Christian Capurro, Slave
Australian Centre for Contemporary Art, Melbourne; 16 August – 28 September 2014
![Christian Capurro, 'Slave' (2014) at ACCA _ [photo by author]](https://thesubmachine.files.wordpress.com/2014/08/cc_2.jpg?w=610&h=610)
Christian Capurro, ‘Slave’ (2014) at ACCA _ [photo by author]
Stripped down to minimal parts and minimal visual traffic, Christian Capurro’s Slave manages to occupy space like the weighty absence of dark matter. The unlit cavernous nature of the gallery hints at that vast mass of absence, achieved by painting out the white of the walls, blocking any incoming light or sound, and only making visible the images on large black monoliths and the projectors that cast onto them.
A half-dozen or so of these totemic structures, each identical and about 3 or 4 metres high, are scattered around the gallery like stonehenge pillars or easter island figureheads. These monoliths are also the screens for the projected imagery and are a similar shape to the apple iphone, only upscaled several thousand percent. Those familiar with art history will recognise the image on the screens as a video taken of a Dan Flavin artwork. Flavin made sculptures out of fluorescent lights, beginning in the 1960s. His makes objects but they also make obvious the materiality of light – they appear to be, say, 100cm long and 50cm wide, but the light is part of the sculpture so they actually fill up more space than their obvious physical size.
“A phenomenology of illumination
versus a phenomenology of reflection.”
Capurro has been to a museum and filmed the sculptures for at least a few minutes on his phone’s video camera. The quality is typically shitty phone-camera quality, and blowing the image up to 3 or 4 metres high amplifies the lo-fi character. Hard to believe that a magic little black box we put in our pockets and purses, that enable us to watch movies, to consult the world’s most comprehensive library ever imagined and to see what 600 of our friends and acquaintances are doing right at this moment anywhere on the planet, could be considered lo-fi. Such is the nature of the ideas thrown up by this work.

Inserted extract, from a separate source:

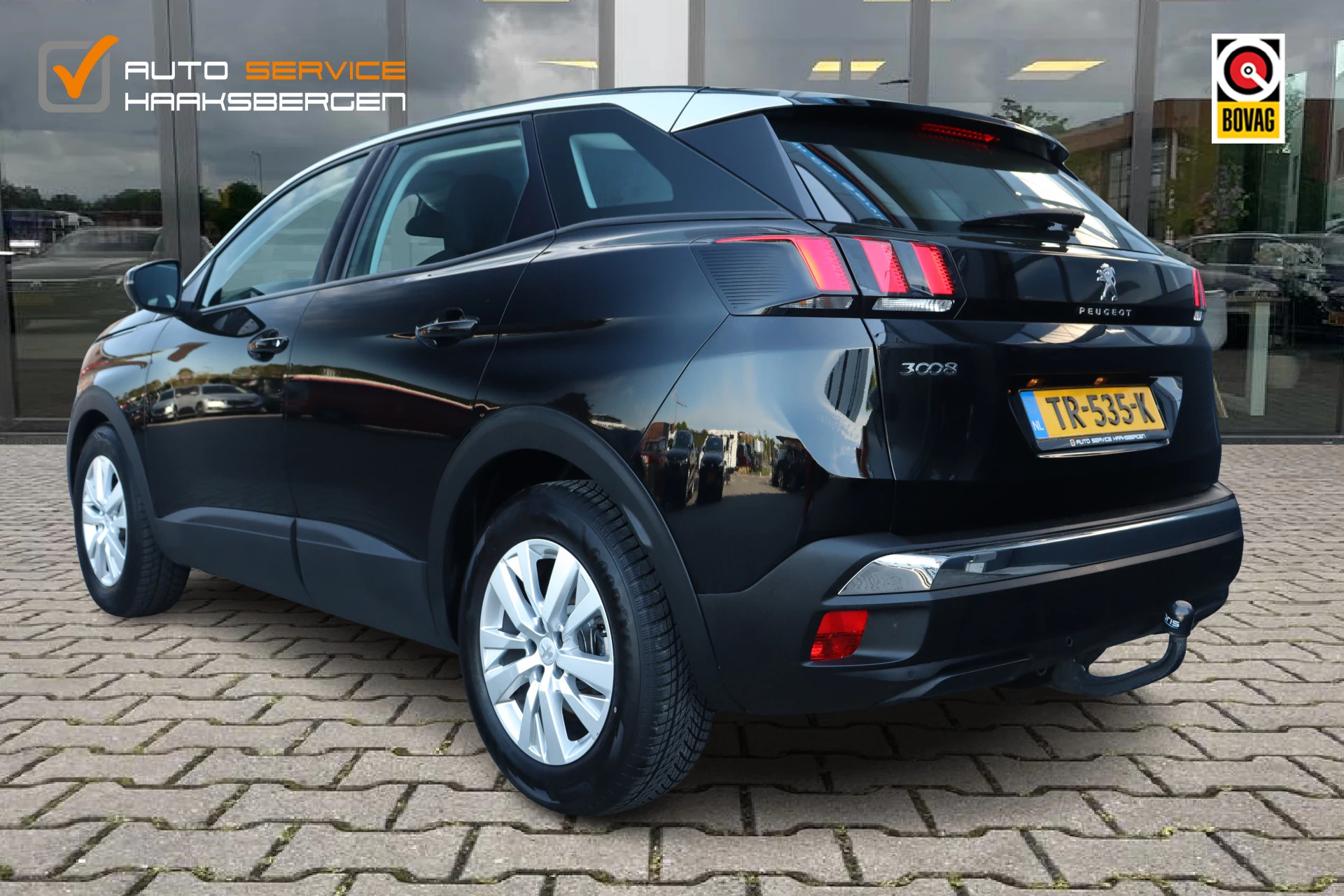 Hoofdafbeelding Peugeot 3008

There’s lovely dualities of transferred energy in the work as well. The Flavin sculptures that Capurro has filmed work by illumination. Slave works by reflection. This notion of reflection works on several levels. Firstly, the haptic characteristic of the physical reflection of light off the surface of the monolith that facilitates the viewer’s receipt of the work. The images we are seeing in Slave are reflections bounced off of plaster walls but they are also reflections (or ruminations) on the nature of light and the nature of technology. I can’t help but think about the sun and the moon. The sun illuminates itself from within whereas the moon is illuminated by something else cast onto it. We only see it because of the sunlight beams that bounce off the surface of the moon and rush down to us on earth. Flavin is the sun, Capurro is the moon.

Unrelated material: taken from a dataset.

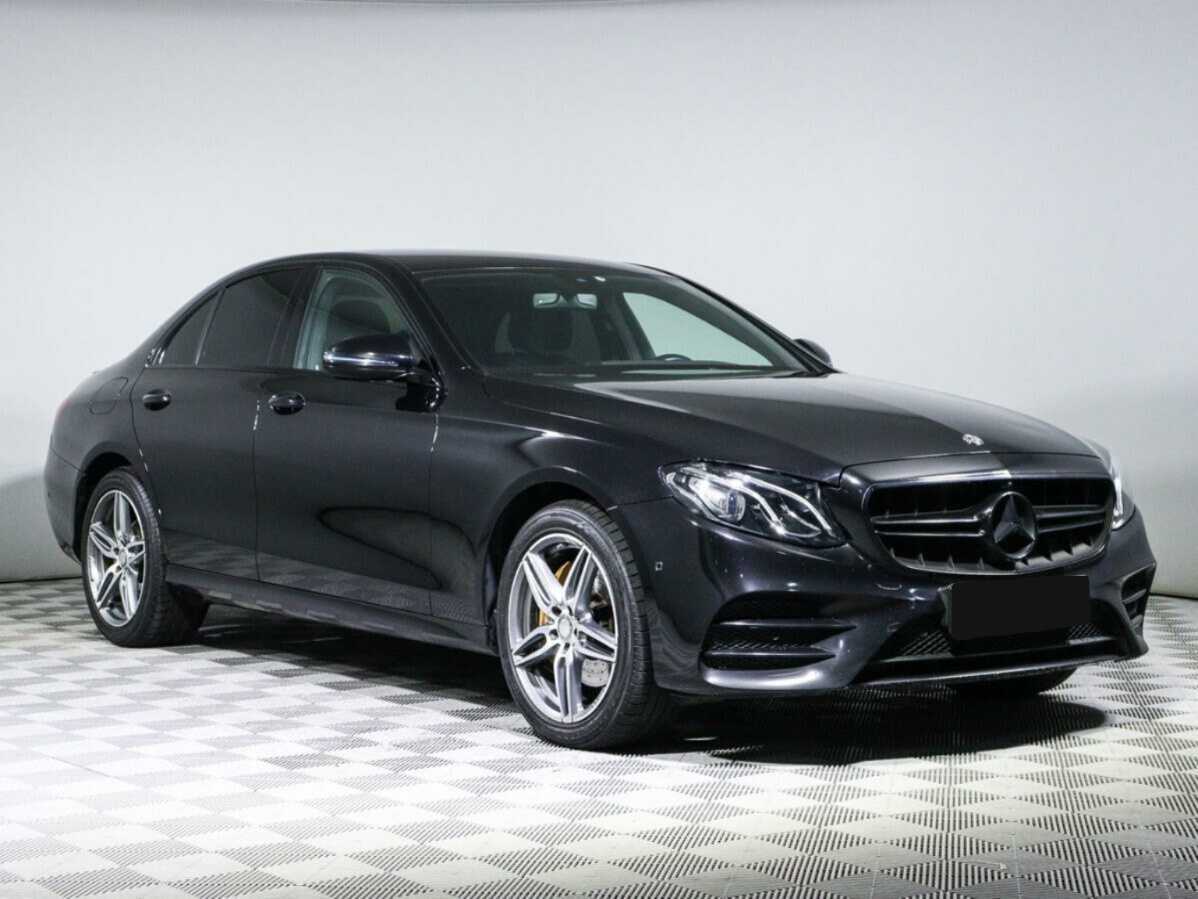 Купить Mercedes-Benz E-Класс 200, 2019, 157 557 км, фото №3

Christian Capurro, ‘Slave’ (2014), detail _ [photo by author]
Visually, there’s a translation of the light from its origin in the gallery where the Flavin sculpture was situated to its place represented in the gallery of ACCA. Translation occurs through several filters or conduit – the very slight wobble of Capurro’s attempt to hold the tiny camera still influences the already filtered image capture technology of the phone camera, then translated through the data projectors used to transfer that recorded image onto large black slabs of wood and plaster, translated by the way the light then bounces off the surface of the screens and into our eyes. This results in colour variations appearing between, and on, the fluorescent tubes in the images, breaking the predominant control of white light in the space, as if the white light is fractured through the prisms of camera capture and projector release. Pink Floyd comes to mind.

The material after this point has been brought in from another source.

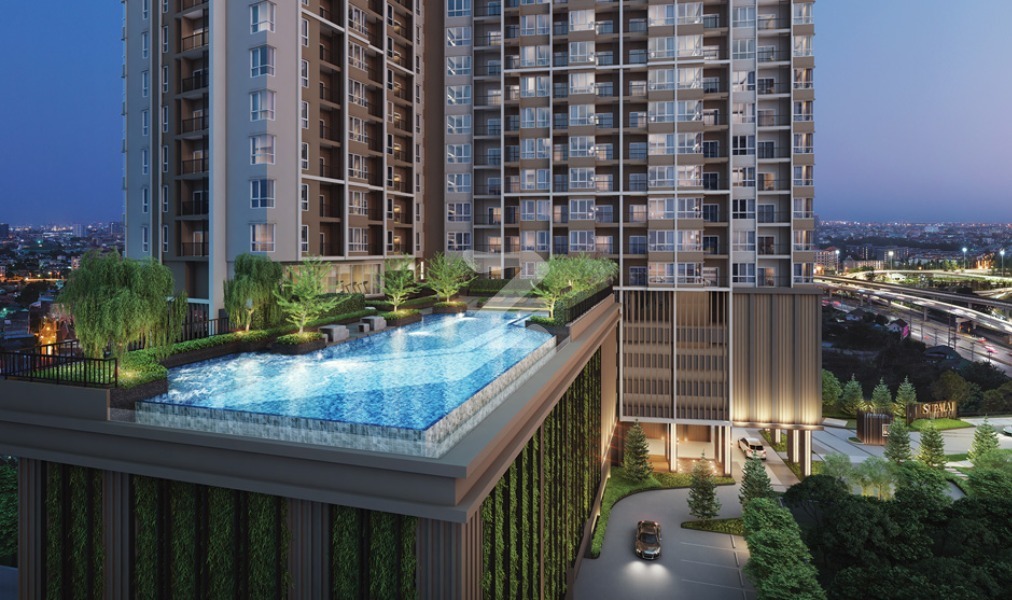 ศุภาลัย ลอฟท์ สาทร-ราชพฤกษ์ Supalai Loft Sathorn-Ratchaphruek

Which brings me to sound. Capurro has deadened the sound in the space, partly through material intervention by acoustically dampening the entrance area ensuring that no sound enters or exits, and partly through the omission of camera recorded audio from the initial recordings. Also perhaps partly because of the sheer weight of darkness in the space, with its implications of the subterranean, and of caves (hello Plato) and caverns (hello etymology of camera). This provides for a weighted mass of negative space, something explored by Capurro in processes of erasure in previous works, that materialises as part of the work itself. The projectors make some noise, only adding to the sense of tension between illumination and reflection. The images we witness are on the walls but it’s the boxes hanging from the ceiling producing the light that is throwing those images through the darkness and making them bounce back to us. Sun and moon again.
There’s so much crammed into this work that it’s well worth spending time with. If only to allow your bodily appreciation of the space to acclimatise to the phenomenology of the atmosphere. Show runs until 28th of September, which is a week after the equinox. Just saying.